Alternative fund managers and investors are expecting their organization’s risk appetite to increase in the year ahead, according to new research.
The Ocorian survey included alternative fund managers; fund managers working in family offices, private equity, venture capital and real estate; and senior executives working in capital markets focused on structured credit, CLOs, securitisation, mortgage-backed securities, and asset- backed securities.
With interest rates and inflation expected to fall in the next 12 months, respondents are anticipating an uptick in acquisition opportunities with 57% expecting risk appetite to rise compared to just 25% who think it will fall.
The main reasons why funds are set to show increased investment risk appetite is more attractive deal pricing (20% of firms with rising appetite said this), lower inflation (16%), and more opportunities to make distressed acquisitions (15%).
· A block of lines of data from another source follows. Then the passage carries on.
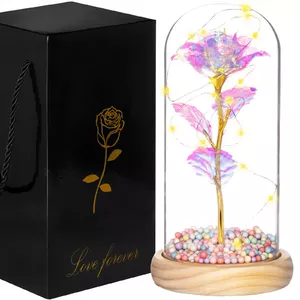 Decorative eternal rose in glass dome Springos HA5159 – preserved flower display, gift ornament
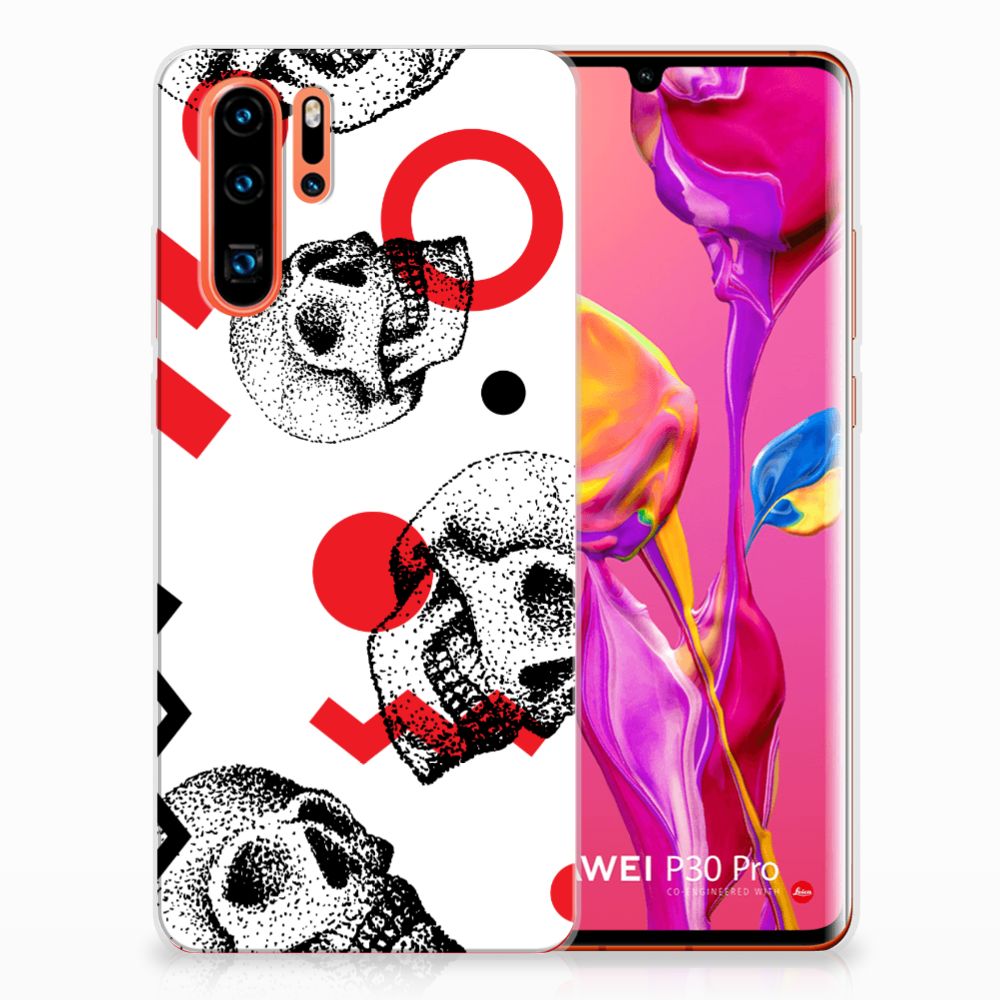 Silicone Back Case Huawei P30 Pro Skull Red
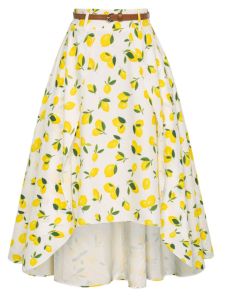 Spring Autumn High Waist Asymmetrical Lemon Print Half Skirt Womens Style A-Line Midi Skirt Street Fashion Polyester Fiber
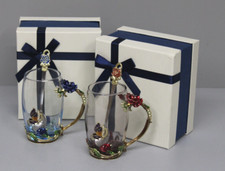 2x Emaille-Blumen-Tee Glas-Tasse Kaffeetasse, Glasbecher, Blaue Rose mit Löffel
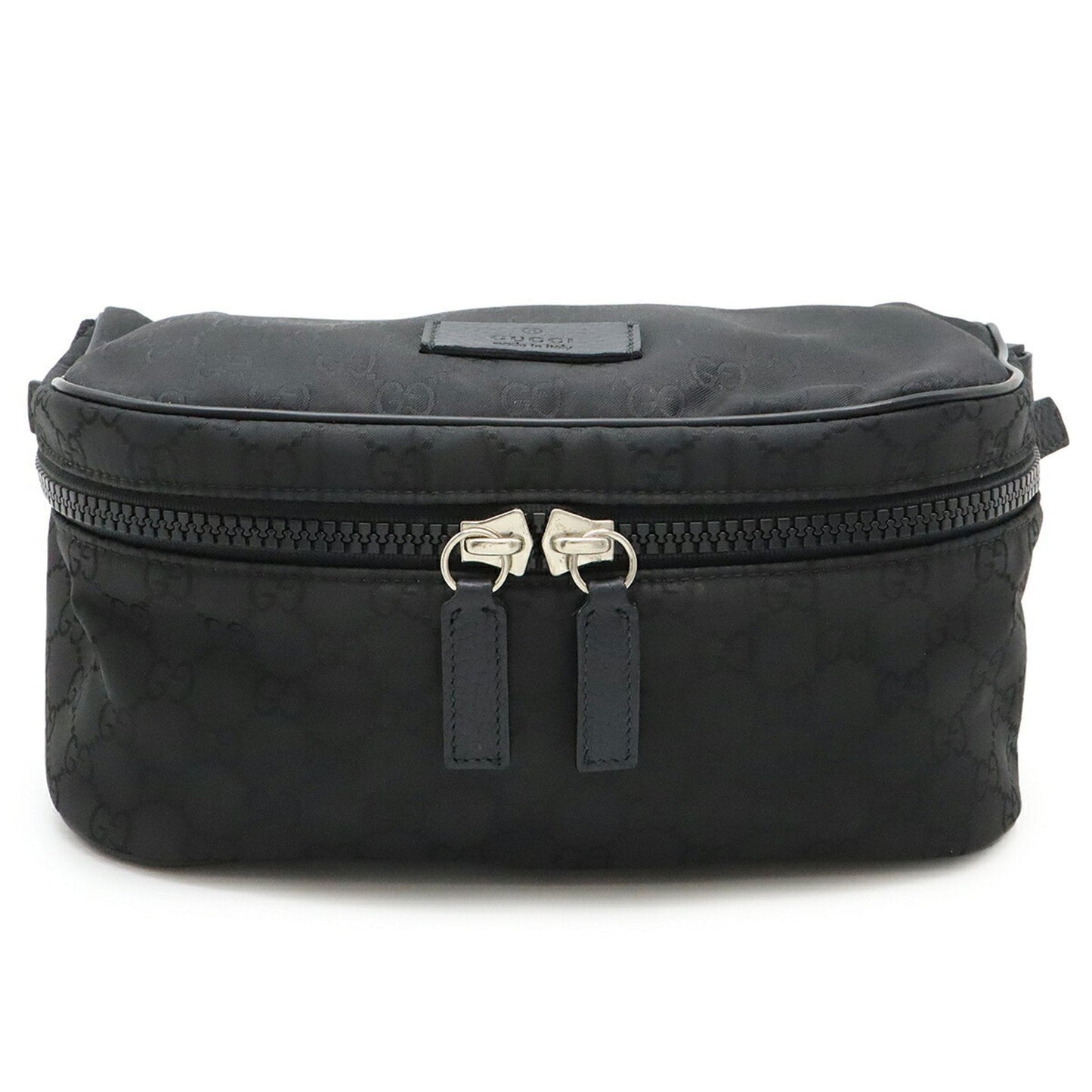 Gucci Black Gray Nylon Leather Pouch Shoulder Bag Sling Bag ( )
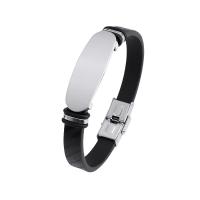 PU Leather Cord Bracelets Titanium Steel with PU Leather polished fashion jewelry & Unisex black 10mm Length 22 cm Sold By PC
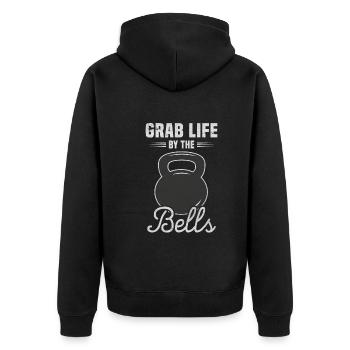 Kettlebell Hanteln Workout Grab Life By The Bells - Unisex Premium Bio Zip Hoodie - Schwarz - Hinten - Nico (187cm)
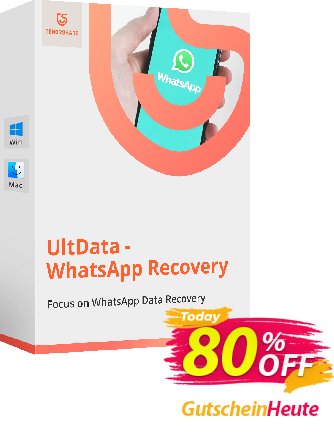 Tenorshare UltData WhatsApp RecoveryPreisnachlass 80% OFF Tenorshare UltData WhatsApp Recovery, verified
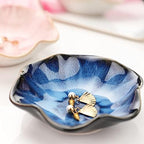 Binoster Gifts for Women Ceramic Jewelry Dish,Leaf Jewelry Tray Key Tray,Small Ring Dish Holder Decorative Jewelry Plate Trinket Dish Catchall Tray Nightstand Decor for Entryway Blue Table Room Decor - Image 3
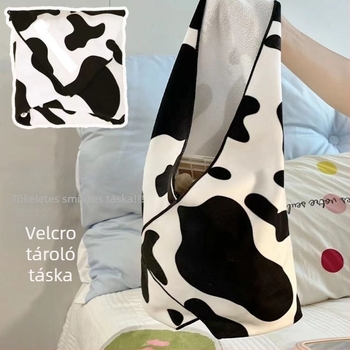 Összecsukható sminktáska aranyos rajzfilm-stílussal, textil külső velúr béléssel, hordozható smink szervező otthoni használatra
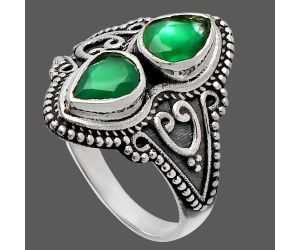 Green Onyx Ring size-8 SDR231166 R-1347, 7x5 mm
However, there are concerns that inflation may not fall (27% of firms with falling risk appetite said this), geopolitical uncertainty (26%), and deal prices that are too high (22%).
“Investment risk appetite is clearly increasing with senior executives and major investors expecting a shift in global macroeconomic conditions as well as more opportunities for acquisitions at more attractive prices,” said Paul Spendiff, head of business development for fund services at Ocorian.
The research also found that more than half of companies expanded their risk management teams in the last year and 53% have invested in new technology. This theme will continue over the next 12 months and include boosting employee incentive schemes to ensure key staff do not leave.
“We are seeing growing demand for our services as we help our clients solve these complex issues,” added Spendiff. “In addition, there are major concerns about the year ahead ranging from global political uncertainty and heightened global tensions in the Middle East and Ukraine as well as the risk of recession in major economies.”